§ EXCERPTED RECORDS:
>>>

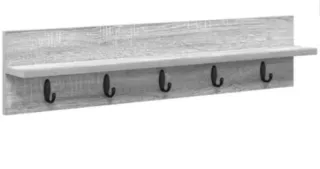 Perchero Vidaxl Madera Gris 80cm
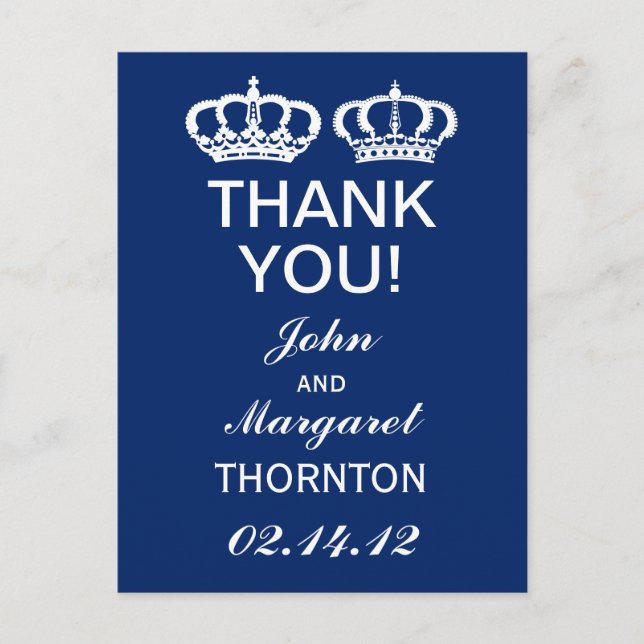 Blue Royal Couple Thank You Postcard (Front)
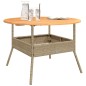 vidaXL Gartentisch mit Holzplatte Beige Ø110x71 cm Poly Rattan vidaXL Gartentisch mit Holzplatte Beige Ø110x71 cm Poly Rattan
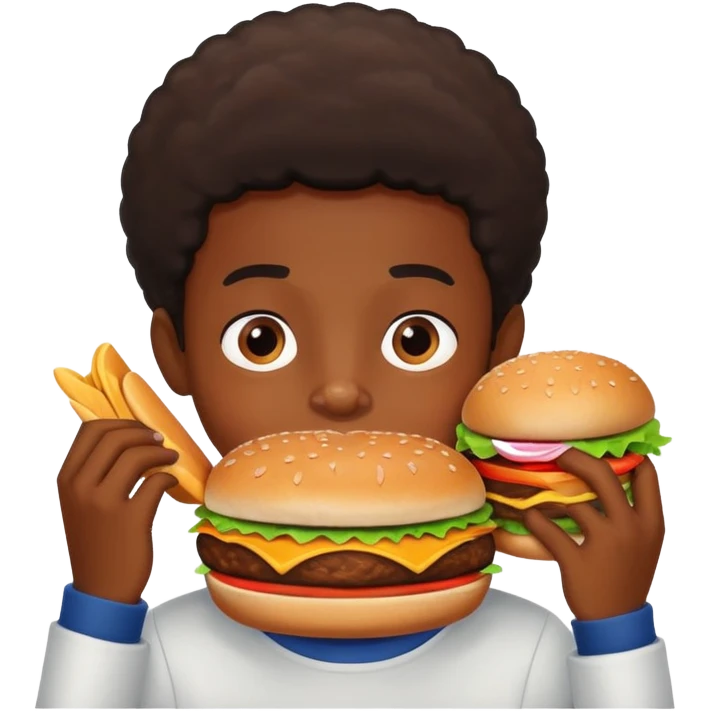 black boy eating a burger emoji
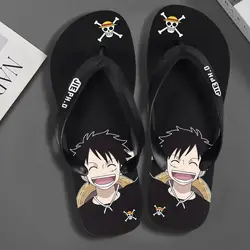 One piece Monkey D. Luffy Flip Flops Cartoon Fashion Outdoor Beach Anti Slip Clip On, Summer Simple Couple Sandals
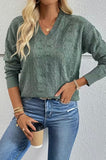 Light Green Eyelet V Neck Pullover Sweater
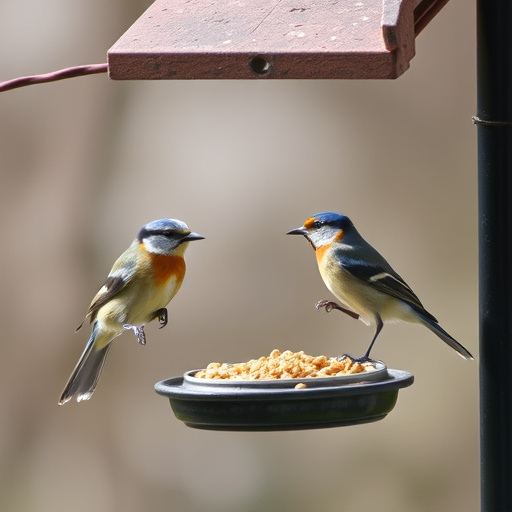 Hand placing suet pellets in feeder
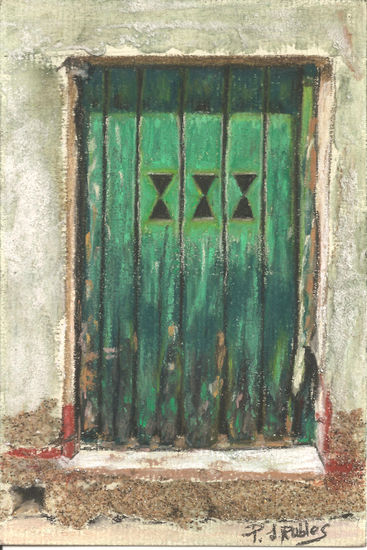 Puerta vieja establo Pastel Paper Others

<<<
>>>

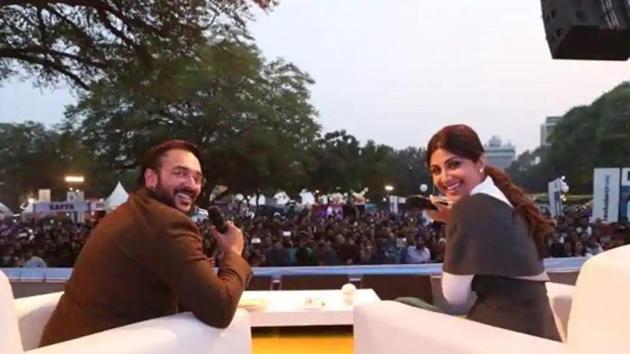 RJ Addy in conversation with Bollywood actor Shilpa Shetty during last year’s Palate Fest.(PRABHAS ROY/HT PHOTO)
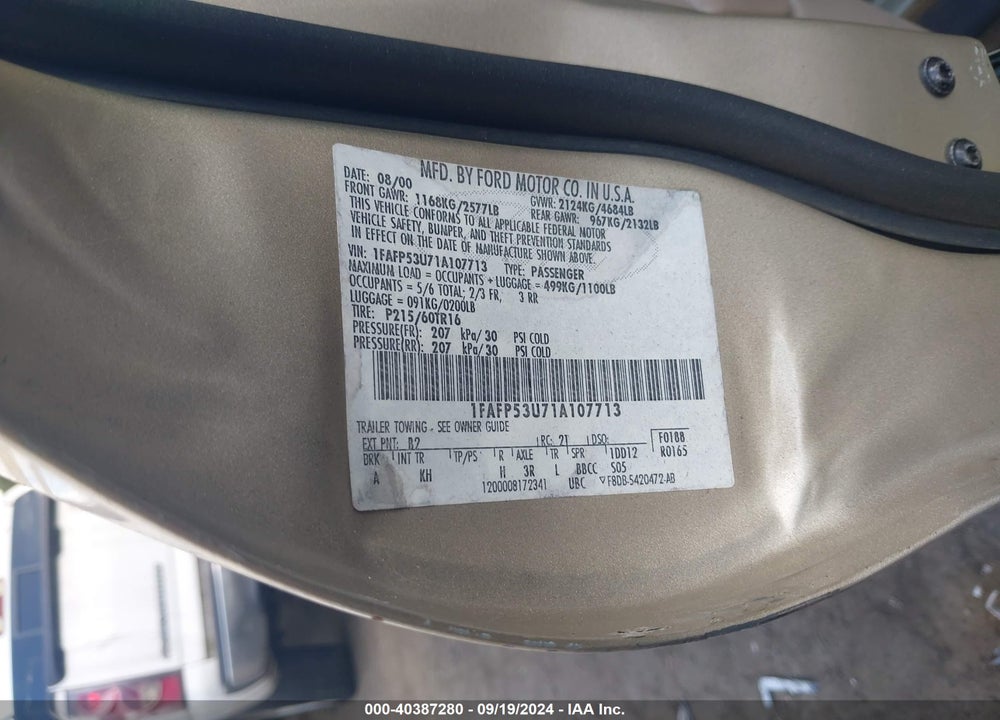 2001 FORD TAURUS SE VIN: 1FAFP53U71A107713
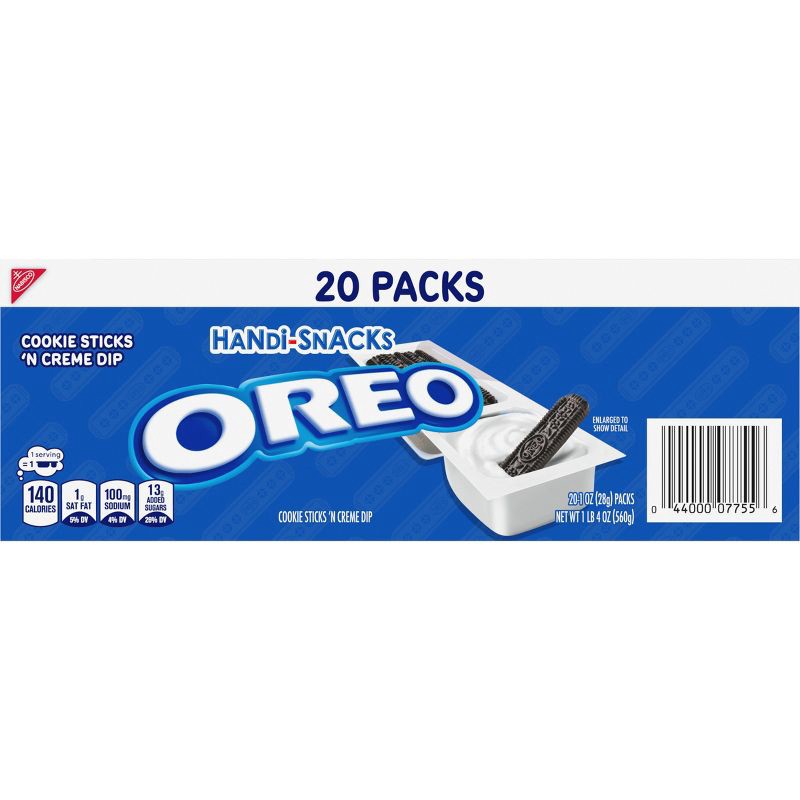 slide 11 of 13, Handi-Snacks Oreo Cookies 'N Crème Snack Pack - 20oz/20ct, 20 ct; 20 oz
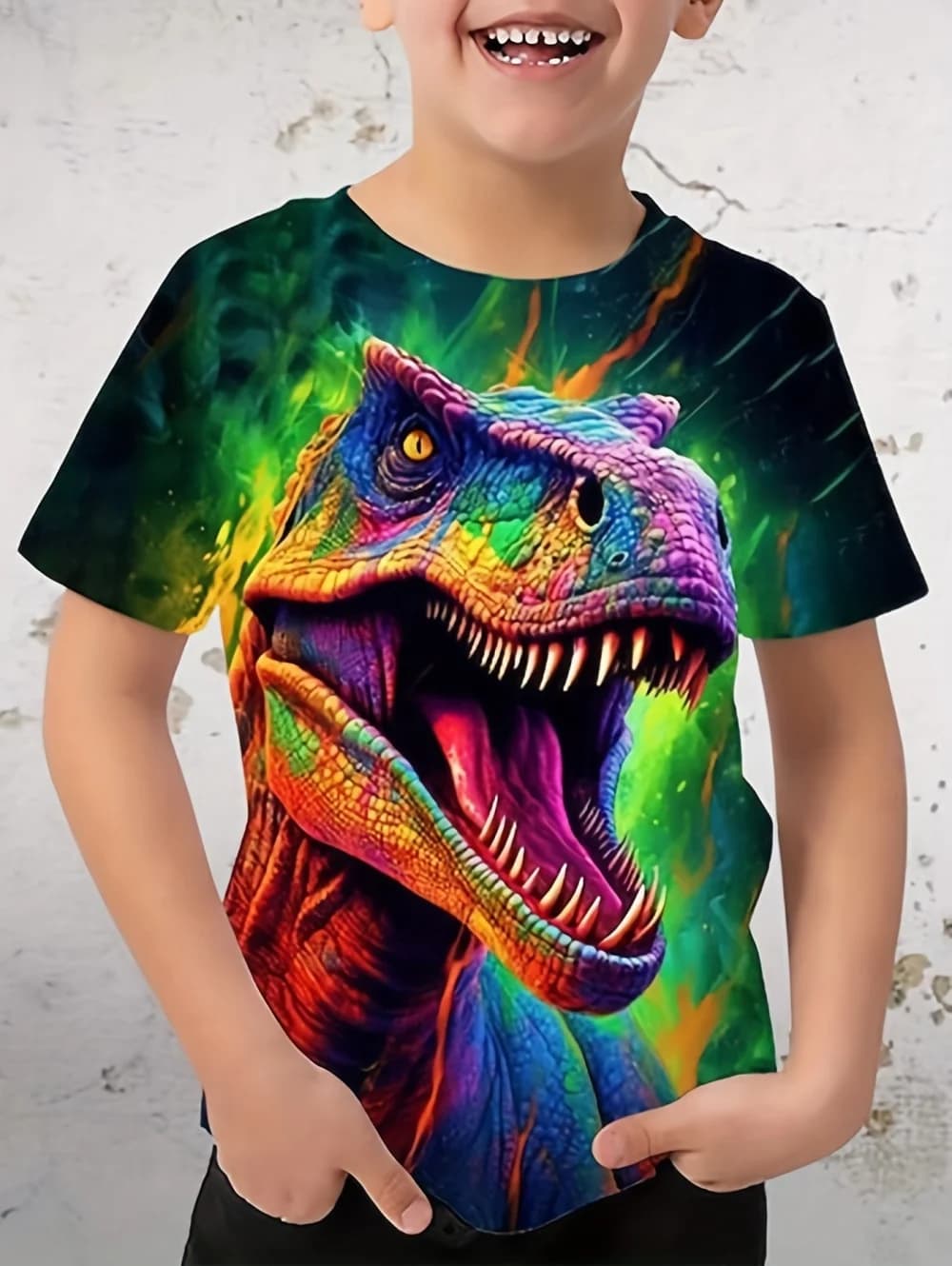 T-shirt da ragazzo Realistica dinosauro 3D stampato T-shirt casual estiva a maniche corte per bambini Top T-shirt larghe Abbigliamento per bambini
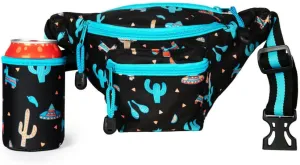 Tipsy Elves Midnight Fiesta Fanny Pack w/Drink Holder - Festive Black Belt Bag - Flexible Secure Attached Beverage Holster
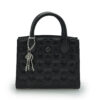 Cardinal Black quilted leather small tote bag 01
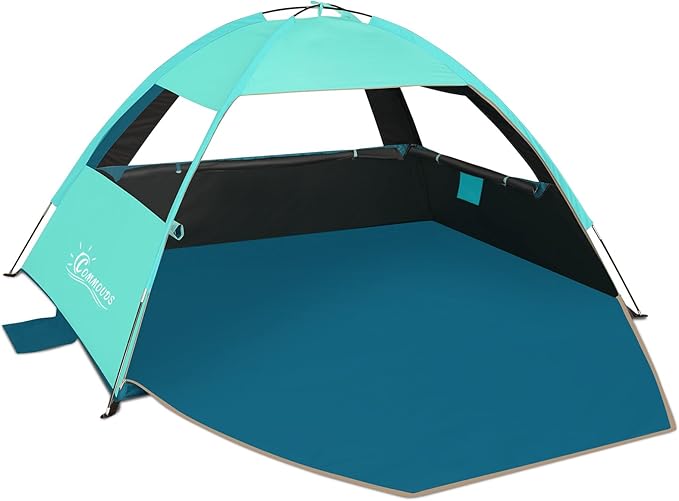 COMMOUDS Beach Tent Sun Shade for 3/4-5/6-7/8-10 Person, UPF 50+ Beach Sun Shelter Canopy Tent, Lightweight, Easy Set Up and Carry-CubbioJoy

<<<

§ TASK GOAL: In the listing above, find the line containing "RJ Addy in conversation" and the line containing "COMMOUDS Beach Tent". Print those two lines and every line between them exactly, with no pictures.

§ ANSWER TO THIS TASK:
 RJ Addy in conversation with Bollywood actor Shilpa Shetty during last year’s Palate Fest.(PRABHAS ROY/HT PHOTO)
 2001 FORD TAURUS SE VIN: 1FAFP53U71A107713
 slide 11 of 13, Handi-Snacks Oreo Cookies 'N Crème Snack Pack - 20oz/20ct, 20 ct; 20 oz
 T-shirt da ragazzo Realistica dinosauro 3D stampato T-shirt casual estiva a maniche corte per bambini Top T-shirt larghe Abbigliamento per bambini
 Tipsy Elves Midnight Fiesta Fanny Pack w/Drink Holder - Festive Black Belt Bag - Flexible Secure Attached Beverage Holster
 Cardinal Black quilted leather small tote bag 01
 COMMOUDS Beach Tent Sun Shade for 3/4-5/6-7/8-10 Person, UPF 50+ Beach Sun Shelter Canopy Tent, Lightweight, Easy Set Up and Carry-CubbioJoy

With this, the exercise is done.